Traditional weather models use the laws of physics to simulate the atmosphere many times with slightly different starting points. Together these “ensemble” forecasts give a probability distribution: how likely is heavy rain, or a cold snap? Early machine-learning weather models, in contrast, were trained to minimize average error in a single forecast, which encouraged them to smooth away small, sharp features like intense storms. They could be remarkably accurate on typical days, but they struggled to represent uncertainty and often muted extremes. AIFS‑CRPS is designed to close this gap by making probabilistic forecasts directly, so that uncertainty is built into the model rather than bolted on afterward.
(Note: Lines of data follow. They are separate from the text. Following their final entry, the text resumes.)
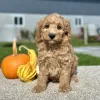 Goldendoodle Light Red Puppy for sale - LMGD0915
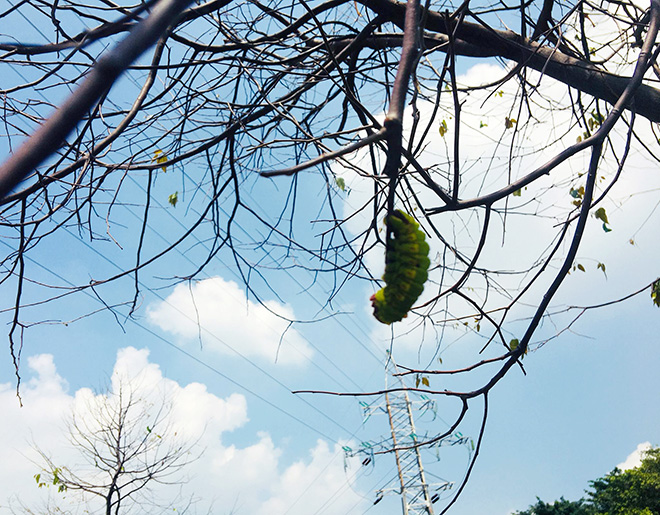 Người dân cho biết, tình trạng sâu xuất hiện khoảng 6 ngày trở lại đây. Ban đầu, là những bọc trứng nhỏ rơi xuống mặt đất nên mọi người không để ý. Sau đó, những con sâu màu xanh, có kích thước nhỏ bằng que tăm xuất hiện.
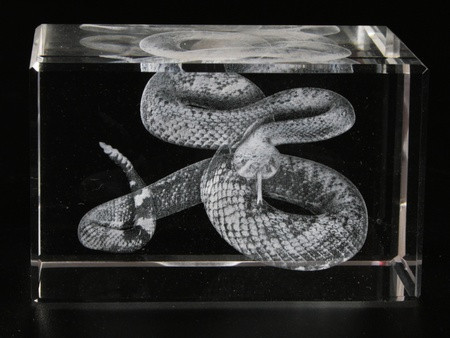 Змія голограма в кришталі Київ - фото 1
An AI that learns to be honestly uncertain

AIFS‑CRPS is an ensemble version of ECMWF’s Artificial Intelligence Forecasting System. Instead of learning to match one best-guess future, it learns to generate many plausible futures from a single AI model by adding carefully shaped random noise to its internal representation of the atmosphere. The key innovation is the way it is trained: the model is optimized using a statistical measure called the Continuous Ranked Probability Score (CRPS), which rewards forecast distributions that assign high probability to what actually happens and penalizes both missed events and overconfidence. The authors introduce an “almost fair” variant of this score that corrects for biases due to finite ensemble size while avoiding numerical pathologies that would otherwise trip up training on modern hardware.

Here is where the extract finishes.